• [Aim of the task]
Output the data unchanged and complete, minus the images.

• [Exercise input]
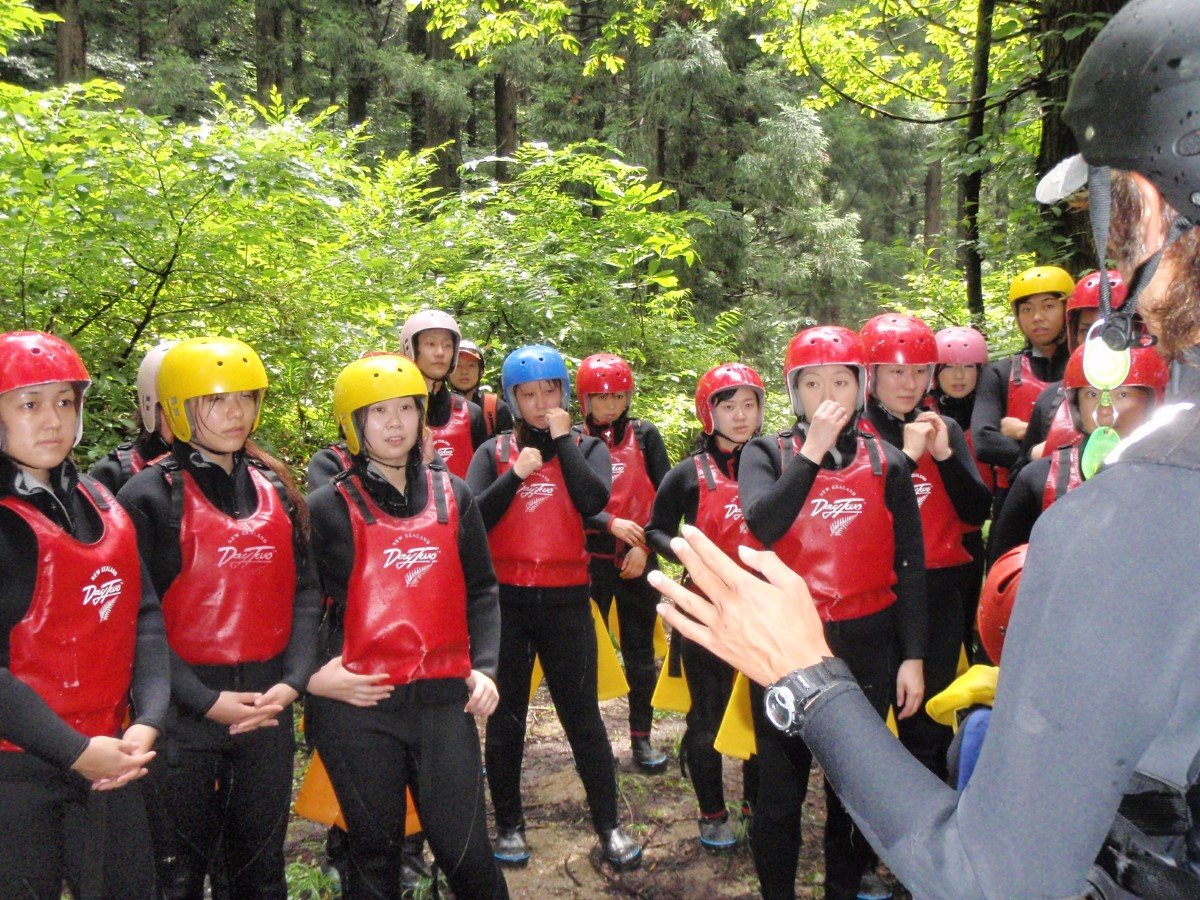 ͑؂ȂƂ̂ŁA蕷܂傤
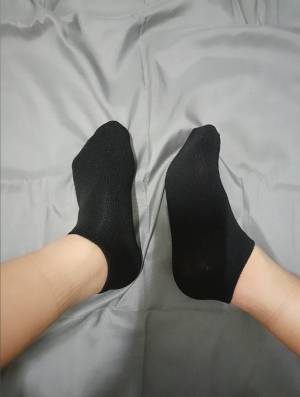 悅悅 － 原味襪子 黑色短襪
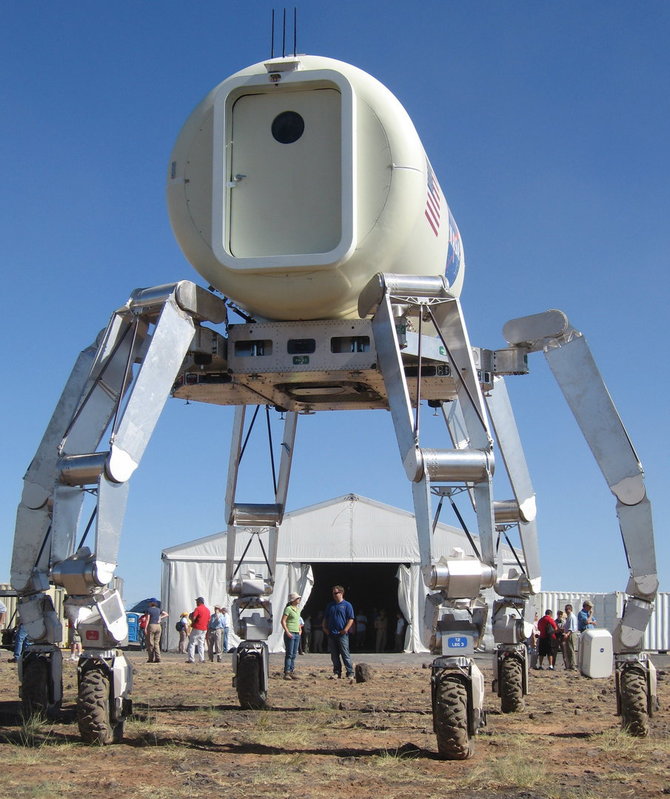 NASA nuotr./Keturių metrų ilgio robotas ATHLETE, prie kurio dirbo ir lietuvis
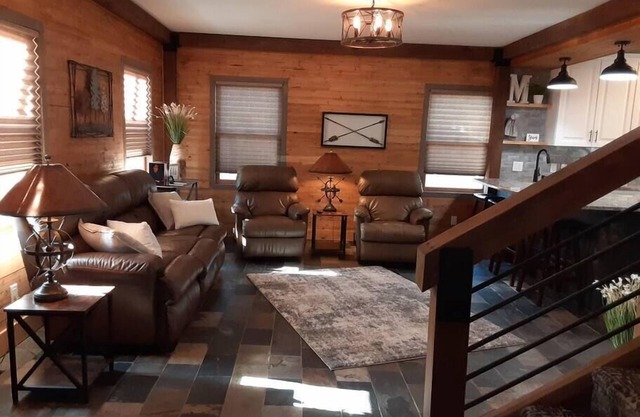Sugar Maple Inn, A Country Chic Getaway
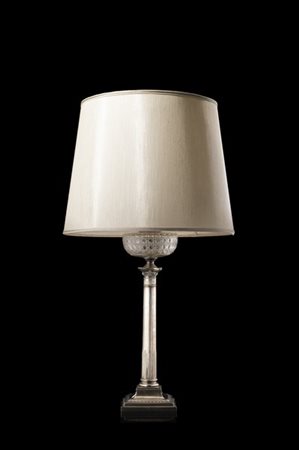 Lampada con fusto in argento a colonna sfaccettata su base quadrata (h. cm 55)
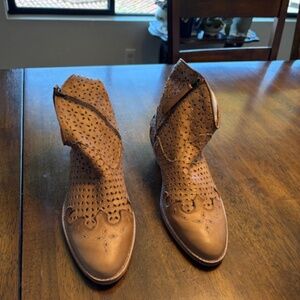 Gorgeous tan leather Baske boots size 38 worn once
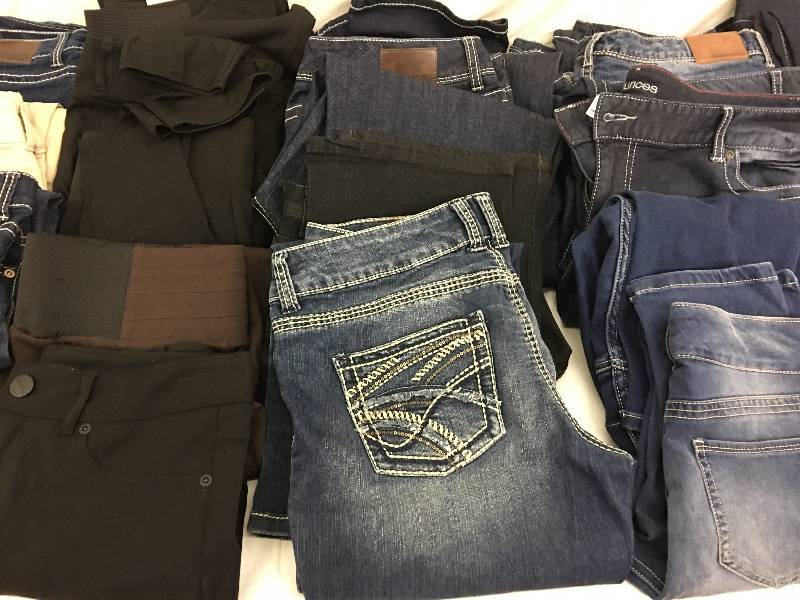 lot 101 image: 25 pairs of name brand pants all missing front button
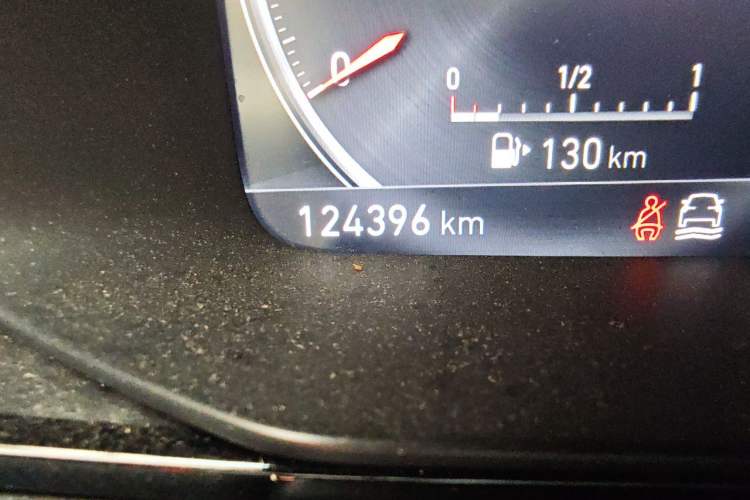 Used Lynk & Co 01 2017 2.0T Four-Wheel Drive Pro Edition Odometer Close Up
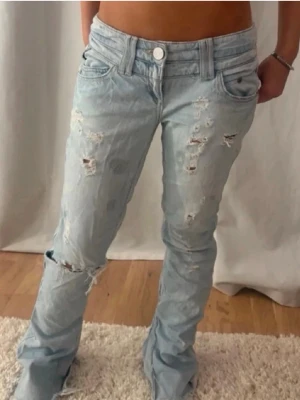 Lågmidjade ljusblå jeans  - Köpta här på plick, passar tyvärr inte mig så säljer vidare!💖 obs inte mina bilder☺️ säljer andra jeans på min profil!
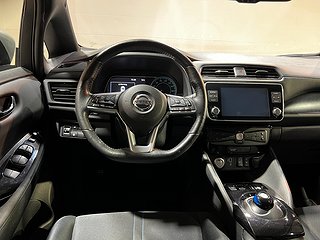 Halvkombi Nissan Leaf 15 av 24
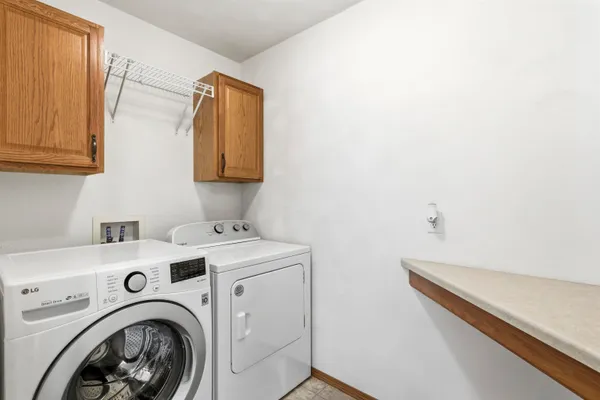 $429,900 | 2294 Meadow Heights Circle, Neenah, WI 54956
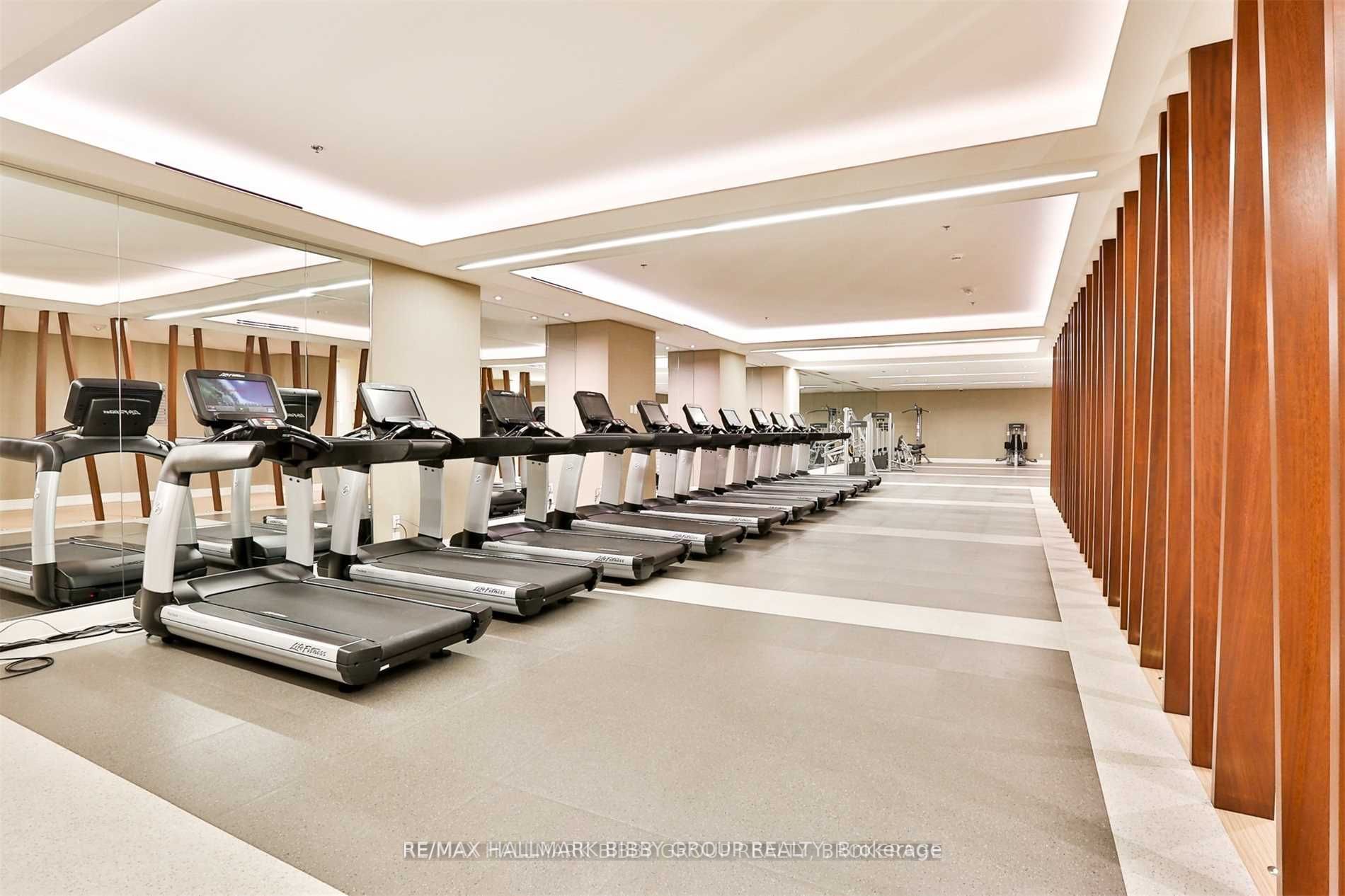 111 St Clair Ave W, #819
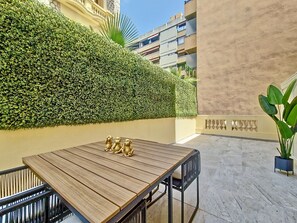 تناول الطعام بالخارج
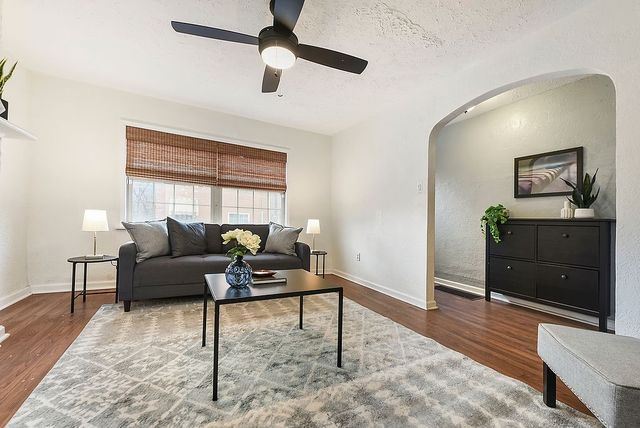 1302 Boyle St, Central North Side, PA 15212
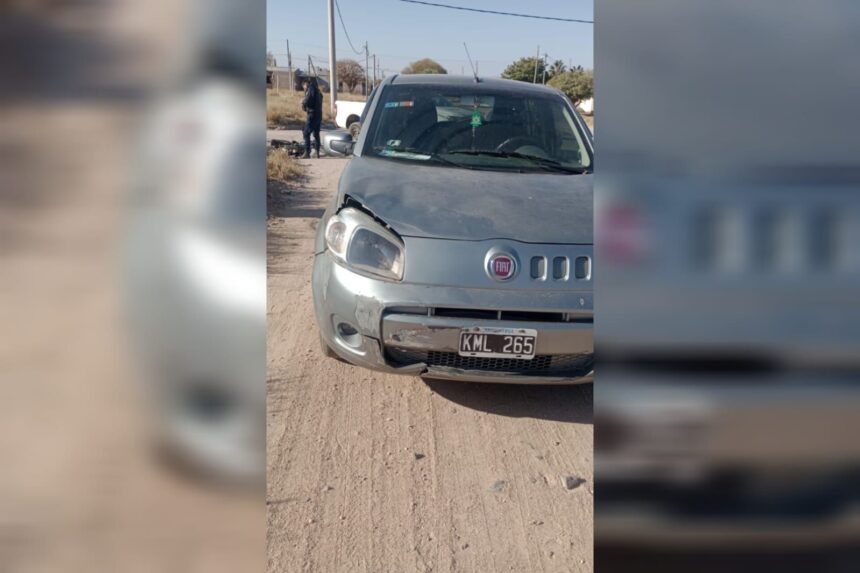 Choque entre una moto y un auto en la zona sur de la ciudad Capital Choque entre una moto y un auto en la zona sur de la ciudad Capital
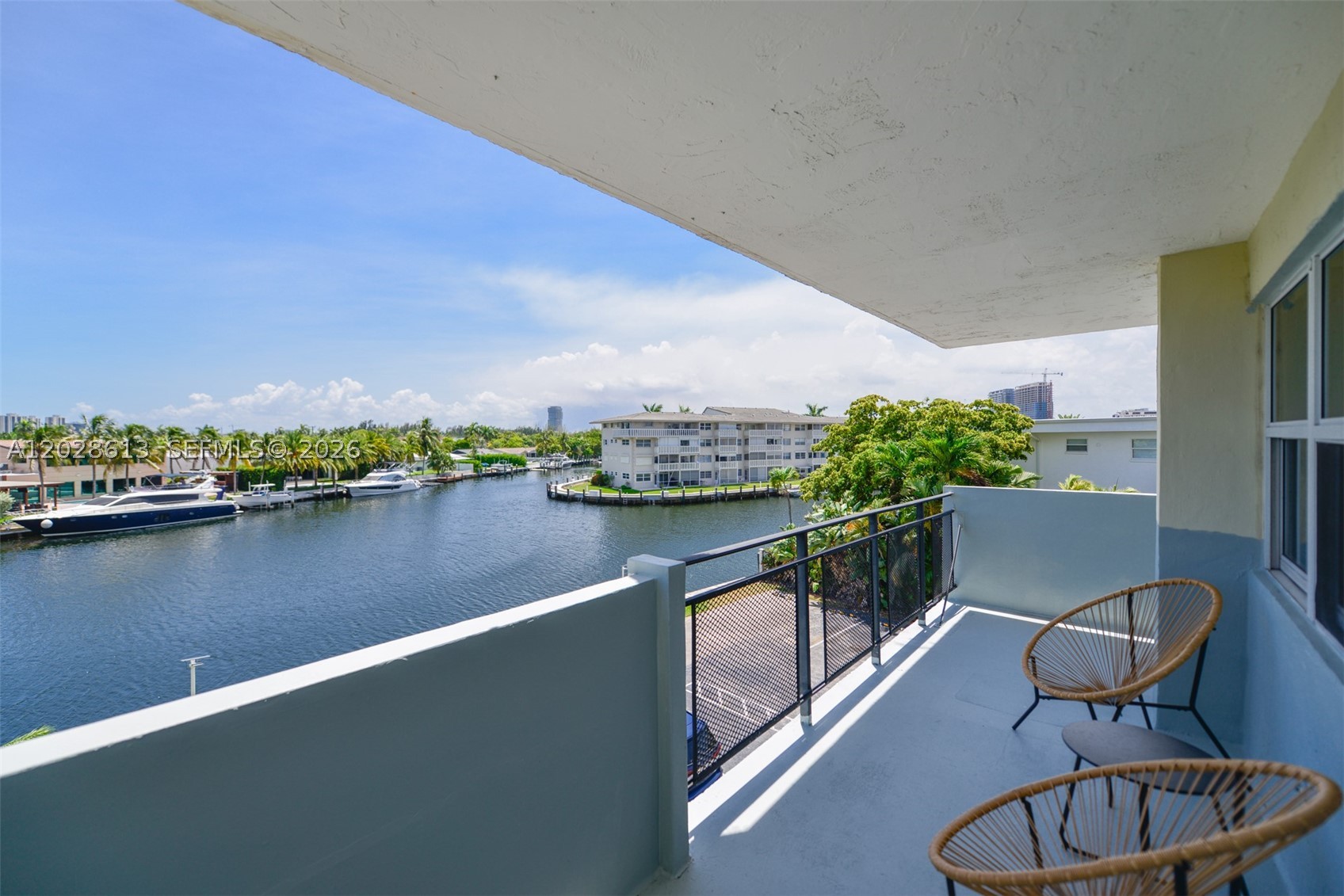 401 Golden Isles Dr #312, Hallandale Beach FL 33009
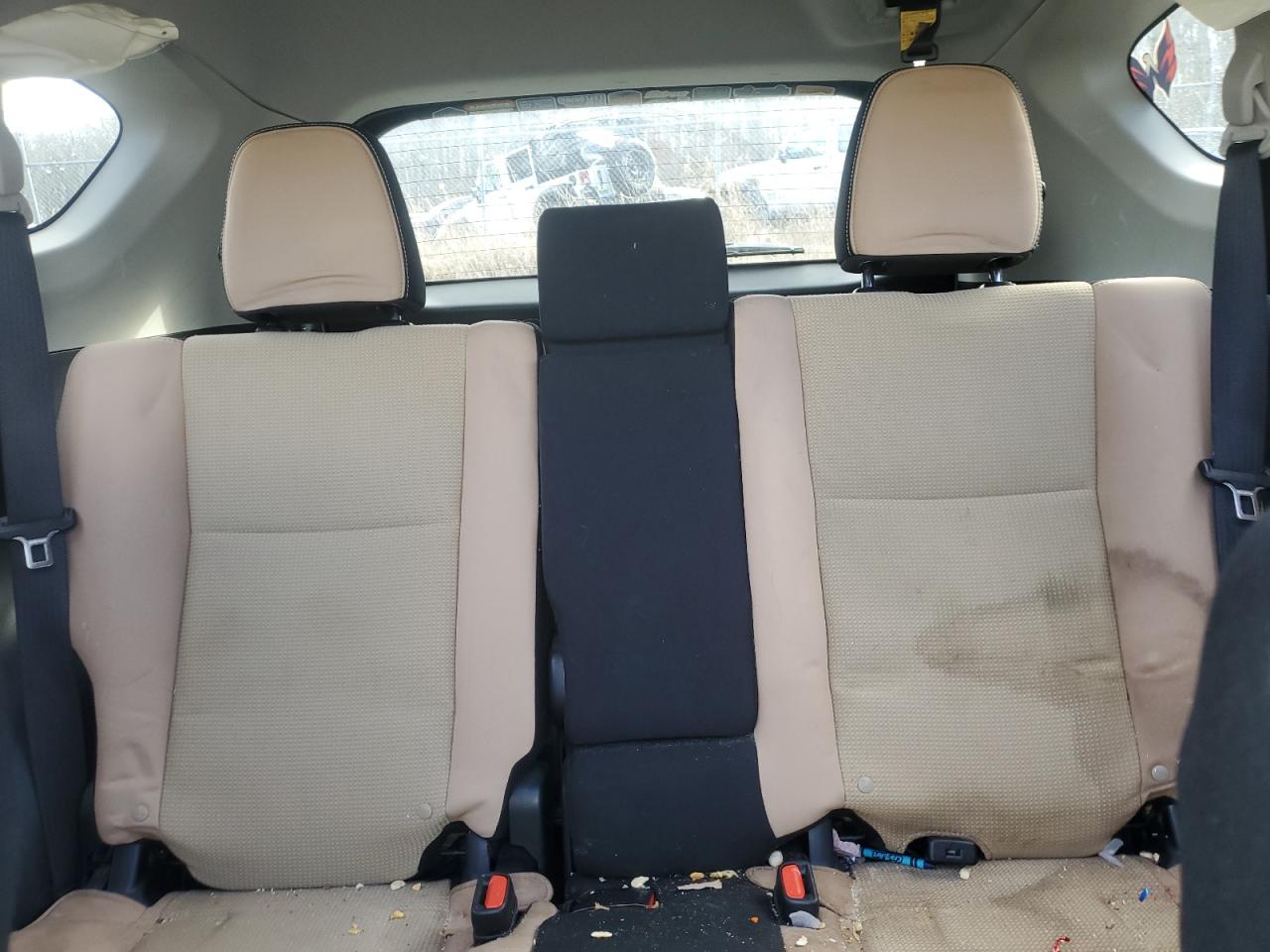 2016 Toyota RAV 4 - Image 10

• [Written answer]
 ͑؂ȂƂ̂ŁA蕷܂傤
 悅悅 － 原味襪子 黑色短襪
 NASA nuotr./Keturių metrų ilgio robotas ATHLETE, prie kurio dirbo ir lietuvis
Sugar Maple Inn, A Country Chic Getaway
 Lampada con fusto in argento a colonna sfaccettata su base quadrata (h. cm 55)
 Gorgeous tan leather Baske boots size 38 worn once
 lot 101 image: 25 pairs of name brand pants all missing front button
 Used Lynk & Co 01 2017 2.0T Four-Wheel Drive Pro Edition Odometer Close Up
 Lågmidjade ljusblå jeans  - Köpta här på plick, passar tyvärr inte mig så säljer vidare!💖 obs inte mina bilder☺️ säljer andra jeans på min profil!
 Halvkombi Nissan Leaf 15 av 24
 $429,900 | 2294 Meadow Heights Circle, Neenah, WI 54956
 111 St Clair Ave W, #819
 تناول الطعام بالخارج
 1302 Boyle St, Central North Side, PA 15212
 Choque entre una moto y un auto en la zona sur de la ciudad Capital Choque entre una moto y un auto en la zona sur de la ciudad Capital
 401 Golden Isles Dr #312, Hallandale Beach FL 33009
 2016 Toyota RAV 4 - Image 10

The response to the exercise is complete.